What to do: Transcribe each of the records below exactly, excluding all pictures.

***** Task input *****

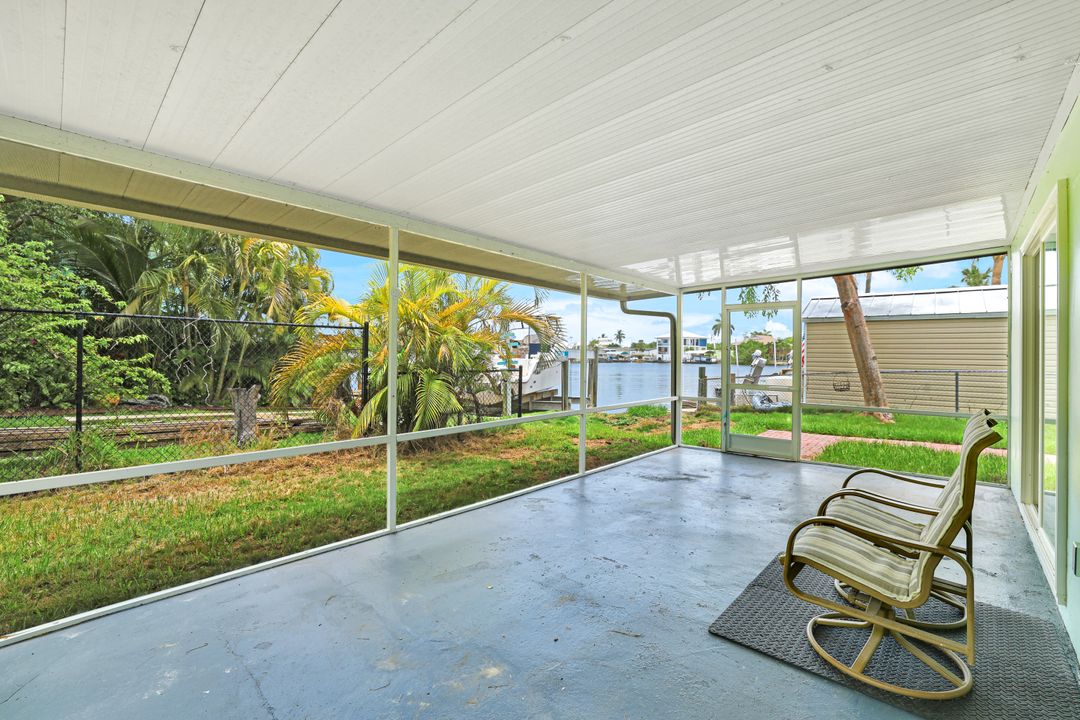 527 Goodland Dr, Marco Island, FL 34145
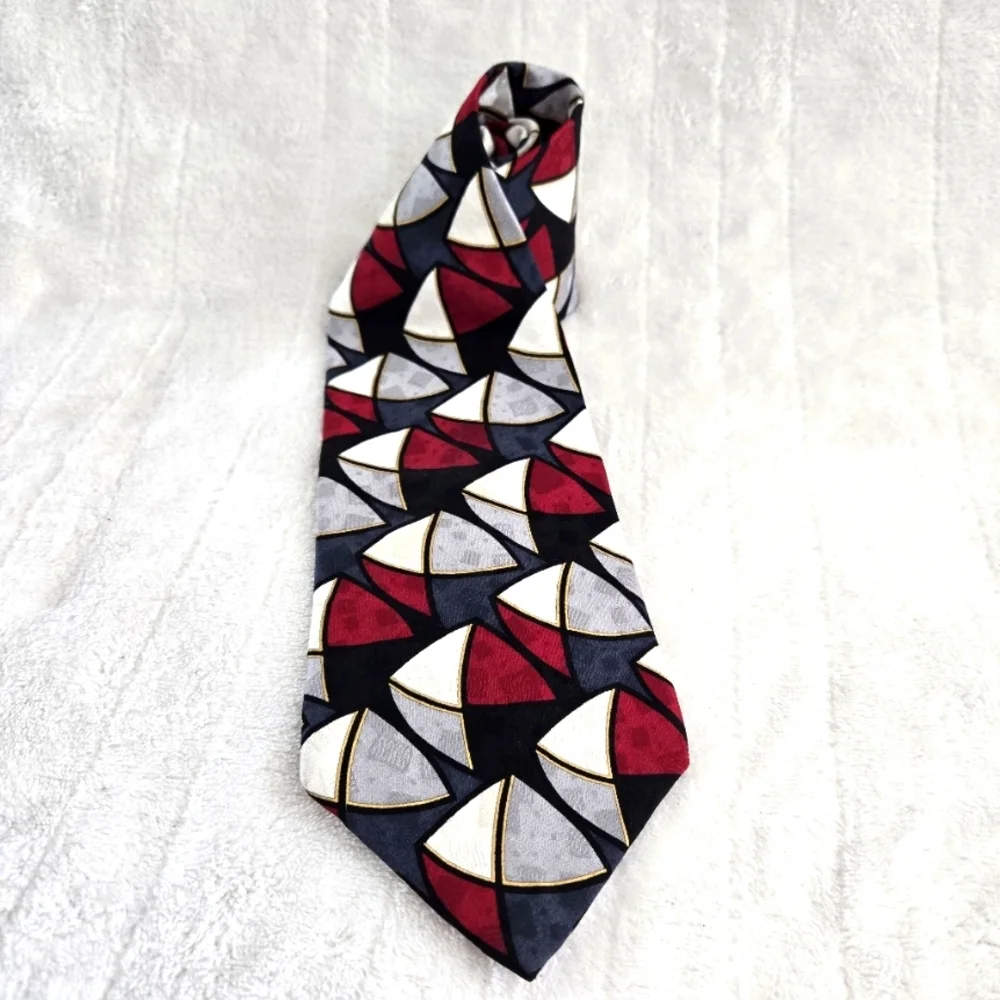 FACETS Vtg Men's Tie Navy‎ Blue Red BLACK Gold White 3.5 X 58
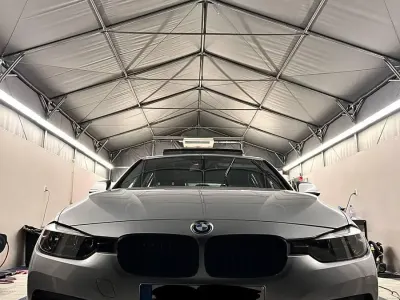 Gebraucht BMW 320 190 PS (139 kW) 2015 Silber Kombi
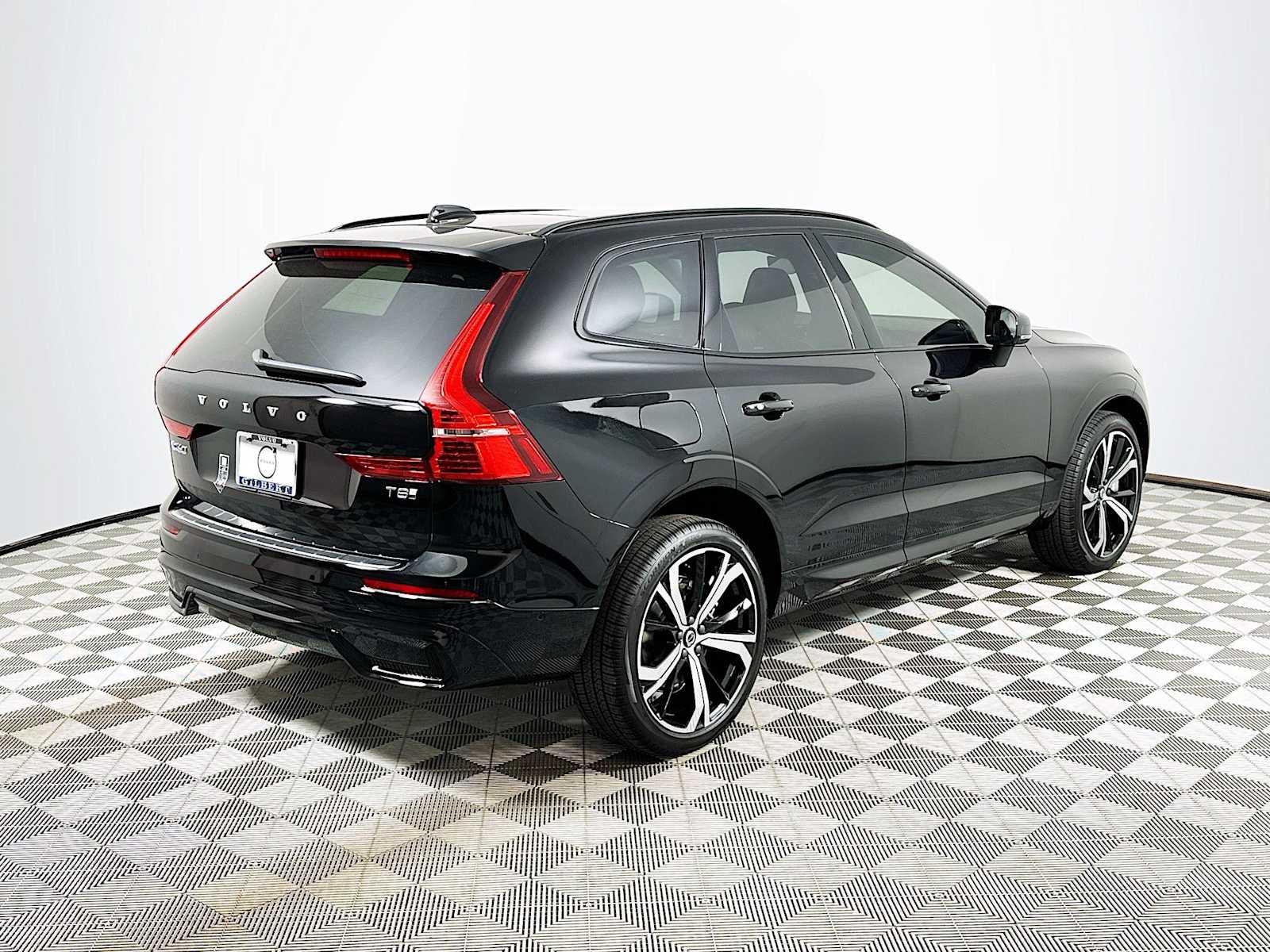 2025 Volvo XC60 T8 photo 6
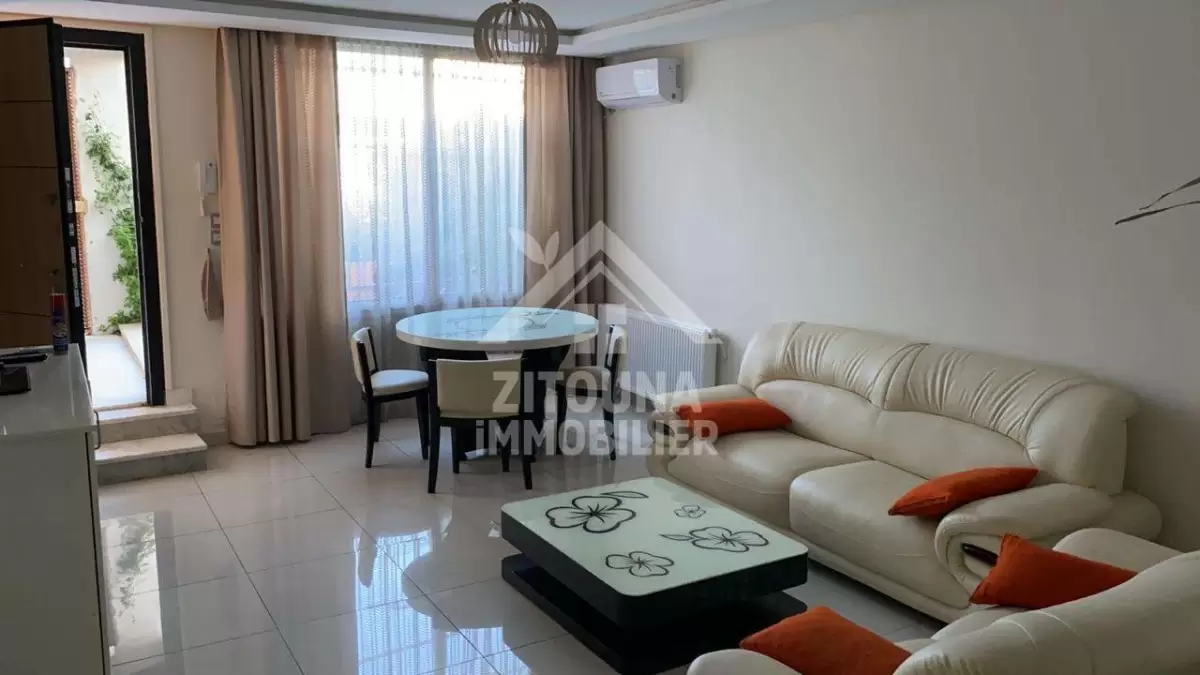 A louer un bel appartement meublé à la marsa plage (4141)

*****

Your solution:
 527 Goodland Dr, Marco Island, FL 34145
 FACETS Vtg Men's Tie Navy‎ Blue Red BLACK Gold White 3.5 X 58
 Gebraucht BMW 320 190 PS (139 kW) 2015 Silber Kombi
 2025 Volvo XC60 T8 photo 6
 A louer un bel appartement meublé à la marsa plage (4141)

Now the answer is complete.